--- DATASET RECORDS ---
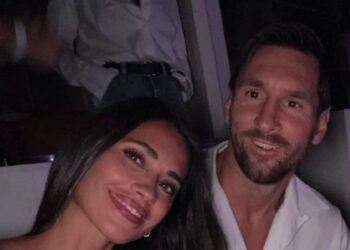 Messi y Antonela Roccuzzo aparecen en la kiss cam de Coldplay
---
--- DATASET RECORDS ---
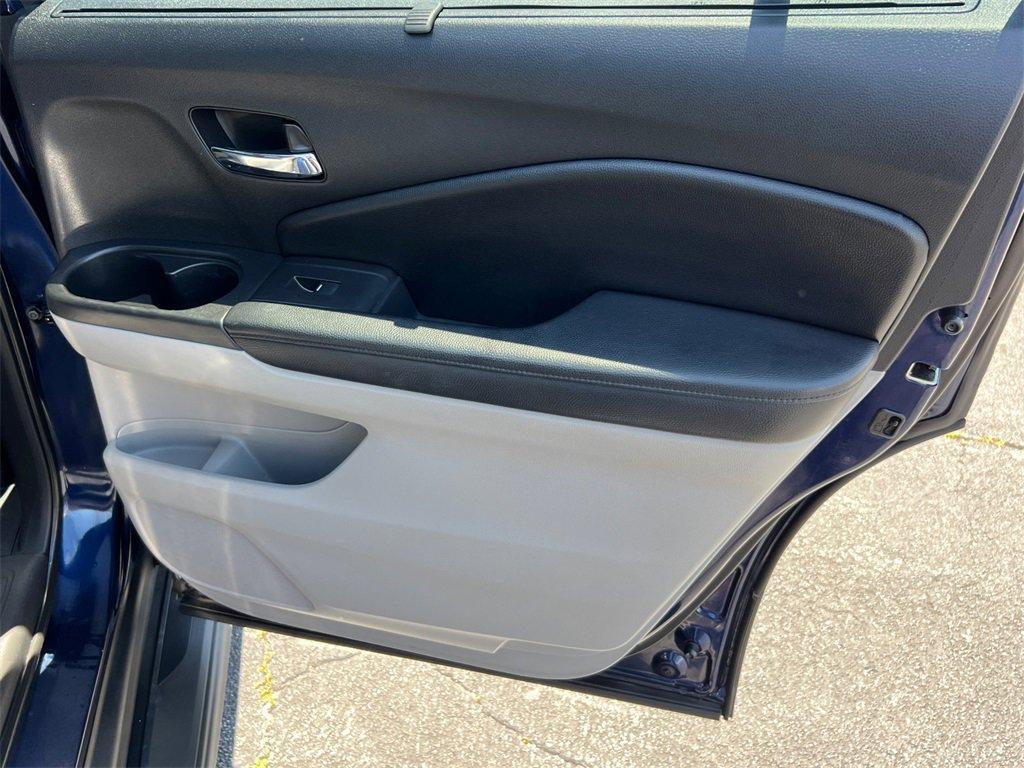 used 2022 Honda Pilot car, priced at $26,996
---
--- DATASET RECORDS ---
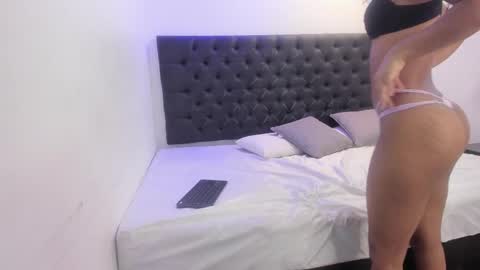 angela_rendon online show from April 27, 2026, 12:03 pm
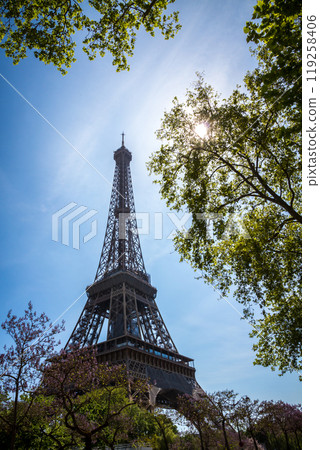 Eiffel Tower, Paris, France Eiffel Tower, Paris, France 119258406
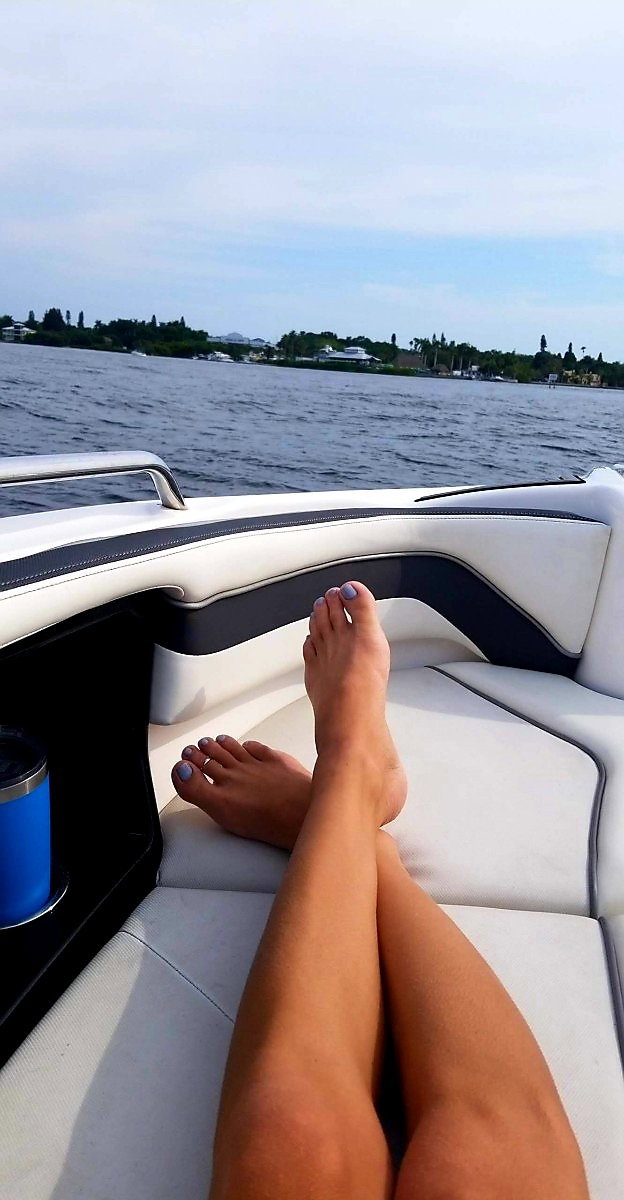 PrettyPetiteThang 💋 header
---
Starting from the line with "angela_rendon online show" in the records above, repeat each line exactly until you have written the line with "PrettyPetiteThang 💋 header", then stop; drop the pictures.

◆ **ANSWER BOX**
 angela_rendon online show from April 27, 2026, 12:03 pm
 Eiffel Tower, Paris, France Eiffel Tower, Paris, France 119258406
 PrettyPetiteThang 💋 header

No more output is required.